I've written an LSTM network with Keras (following code):
df = pd.read_csv("../data/training_data.csv")
# Group by and pivot the data
group_index = df.groupby('group').cumcount()
data = (df.set_index(['group', group_index])
.unstack(fill_value=0).stack())
# getting np array of the data and labeling
# on the label group we take the first label because it is the same for all
target = np.array(data['label'].groupby(level=0).apply(lambda x: [x.values[0]]).tolist())
data = data.loc[:, data.columns != 'label']

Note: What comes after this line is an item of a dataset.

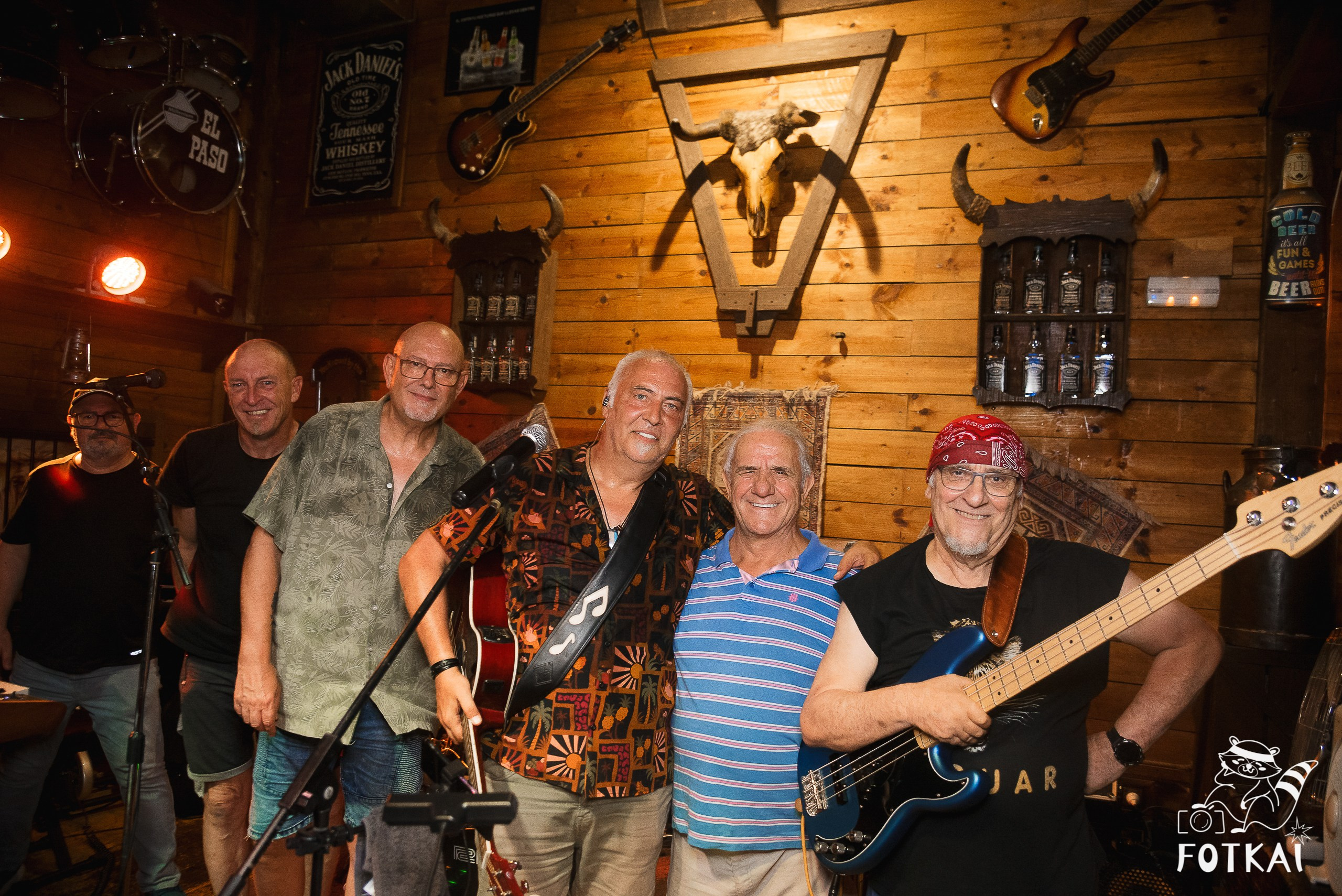 Reportaje fotográfico de FOTKAI | Cafe Bar El Paso | Torrevieja, España, 5 de julio de 2025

data = np.array(data.groupby(level=0).apply(lambda x: x.values.tolist()).tolist())
# shuffel the training set
data, target = shuffle(data, target)
# spilt data to train and test
x_train, x_test, y_train, y_test = train_test_split(data, target, test_size=0.2, random_state=4)
# ADAM Optimizer with learning rate decay
opt = optimizers.Adam(lr=0.0001, beta_1=0.9, beta_2=0.999, epsilon=1e-08, decay=0.0001)
# build the model
model = Sequential()
num_features = data.shape[2]
num_samples = data.shape[1]
model.add(LSTM(8, batch_input_shape=(None, num_samples, num_features), return_sequences=True, activation='sigmoid'))
model.add(LeakyReLU(alpha=.001))
model.add(Dropout(0.2))
model.add(LSTM(4, return_sequences=True, activation='sigmoid'))
model.add(LeakyReLU(alpha=.001))
model.add(Flatten())
model.add(Dense(1, activation='sigmoid'))
model.compile(loss='binary_crossentropy', optimizer=opt,
metrics=['accuracy', keras_metrics.precision(), keras_metrics.recall(),f1])
model.summary()
# Training, getting the results history for plotting
history = model.fit(x_train, y_train, epochs=3000, validation_data=(x_test, y_test))
The monitored metrics are loss, accuracy, precision, recall and f1 score.
I've noticed that the validation loss metric start to climb around 300 epochs, so I've figured overfitting! however, recall is still climbing and precision is slightly improving.
Why is that? is my model overfitted?